As indicated in the last issue of this publication, Globetrotter Ausrüstung, the big Hamburg-based specialty retailer, has finally decided to no longer develop and purchase private-label items in the framework of Euro Family, the informal pan-European network of big outdoor and sporting goods retailers. Euro Family said, however, that Globetrotter will remain a partner as far as the exchange of experience and expertise is concerned.
Andreas Bartmann, managing partner of Globetrotter, explained the move by stating that there has been a growing rift among various factions within the network, partly due to the different nature of the participating retailers. Most of them are general sporting goods retailers with some focus on the outdoor category such as Sport Förg in Augsburg, Breuninger in Stuttgart, Engelhorn in Mannheim ? all of them in Germany ? Sportler in Bolzano, Italy, and its friends of Sport Alliance and the Austrian Gigasport chain.
Recently Globetrotter and the Swiss Transa chain have been the only pure outdoor retailers within the group. Bartmann pointed out that it does not make sense that one part of the group buys the outdoor-related items labeled Kaikkialla and Meru, while the others are after Hot Stuff, the group's exclusive brand for other sports products.
As a result, Globetrotter became the largest buyer by far of Kaikkialla and Meru with a share of up to 50 percent of the total volume. Under this circumstance, Globetrotter came to the conclusion that it made sense that the chain would do its own thing. The decision was accelerated by the fact that Bever, the large Dutch specialty chain, turned its back on the group some three years ago, which meant the volume of purchase for outdoor gear lost one of its most prominent buyers. In addition, it should not be forgotten that some of the other retailers within the Euro Family are simultaneously affiliated with Intersport or Sport 2000, the big international buying groups through which they enjoy access to those networks' exclusive labels as well. At the beginning of the year, Gigasport, the big Austrian sporting goods chain, sealed a strategic partnership with the national section of Sport 2000.

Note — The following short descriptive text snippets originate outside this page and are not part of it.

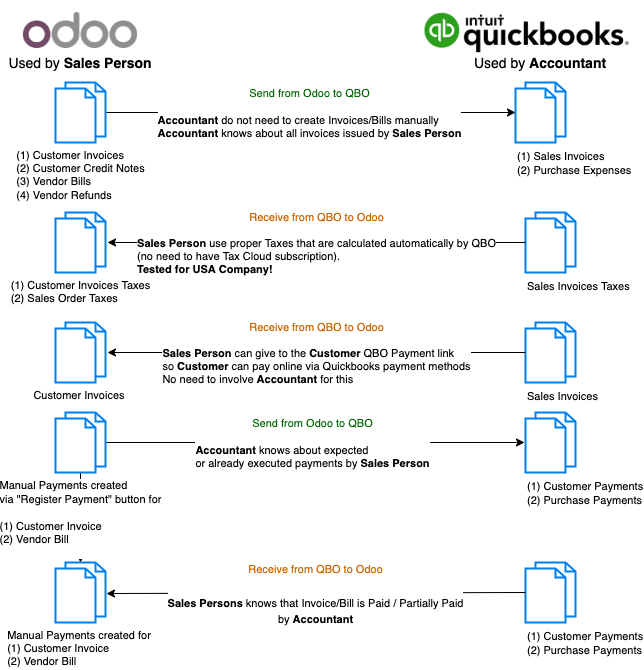 Odoo quickbooks online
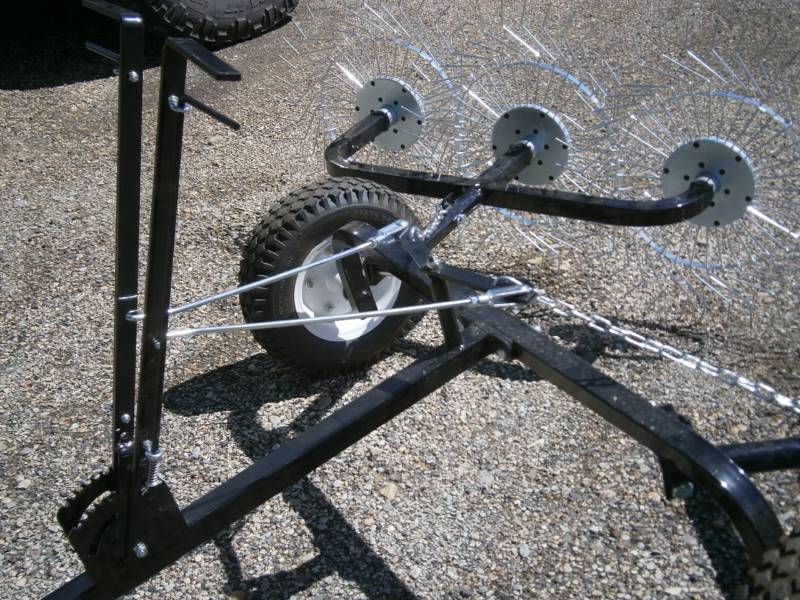 Lawn Estate Rake/Dethatcher Contractor Equipment Reduction & Related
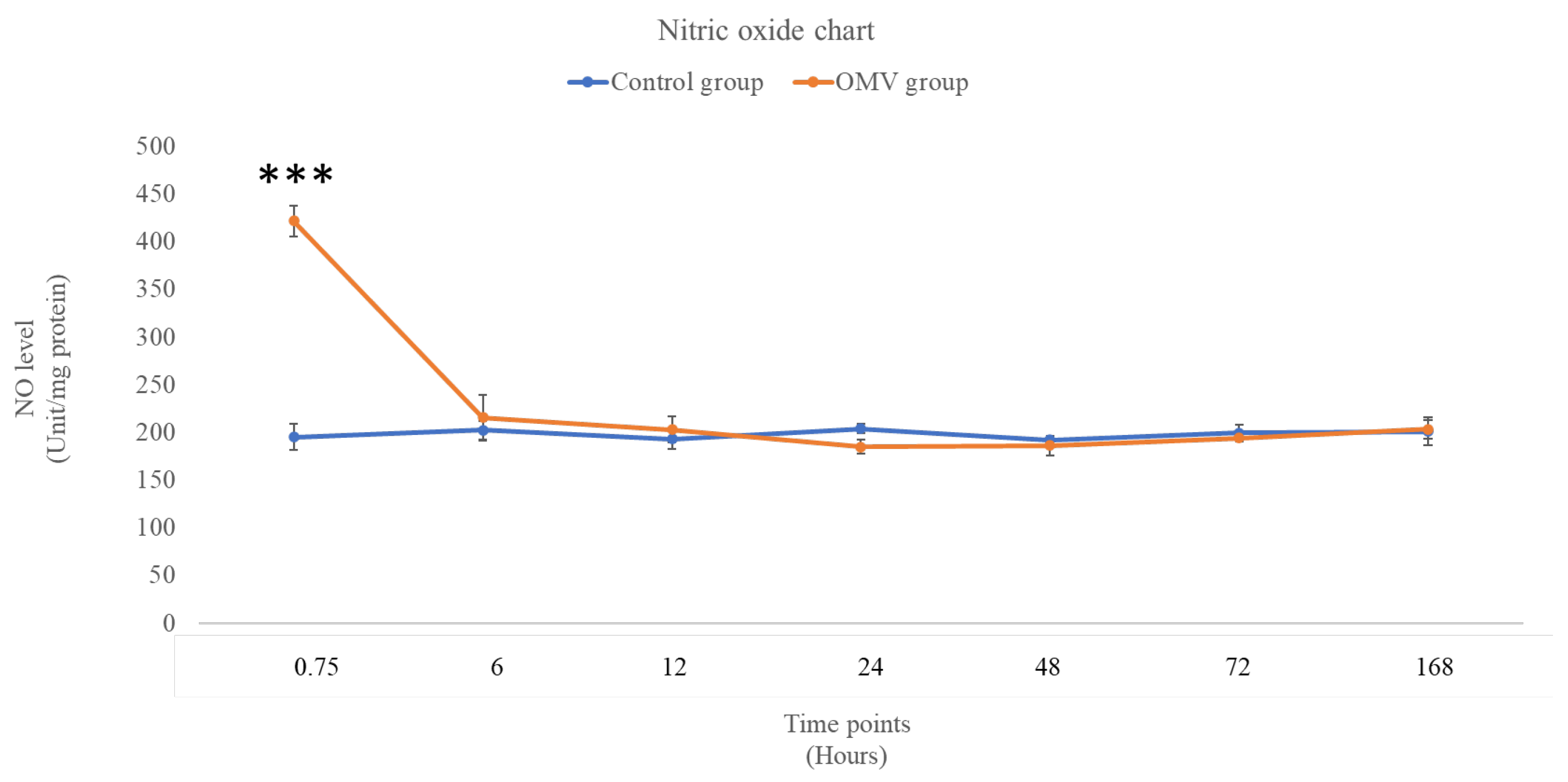 Preprints 116041 g002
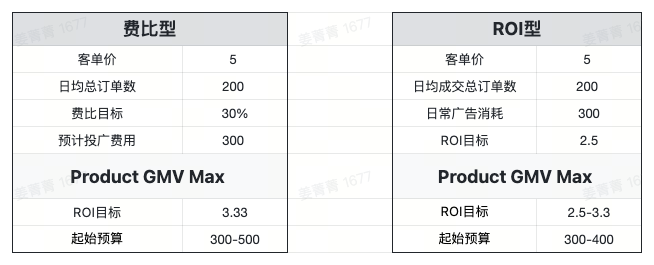 7月15日全面生效！一文带你读懂GMV Max投放技巧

Bartmann says that Globetrotter's decision has no influence on any decision made by Transa of Switzerland even though the German retailer holds a 25 percent stake in that company. Bartmann emphasized that Transa's management was autonomous in its decision on whether the Swiss chain wanted to stay in or leave Euro Family. For Globetrotter itself, no decision has been made so far on the company's future policy on private labels. The current partnership with Euro Family will run through 2014. Bartmann said that he could imagine a closer partnership with the brands to keep the retailer strong in the lower price ranges as well. It is certainly not excluded that Globetrotter would come up with its own private label, but a comprehensive strategy has yet to be developed.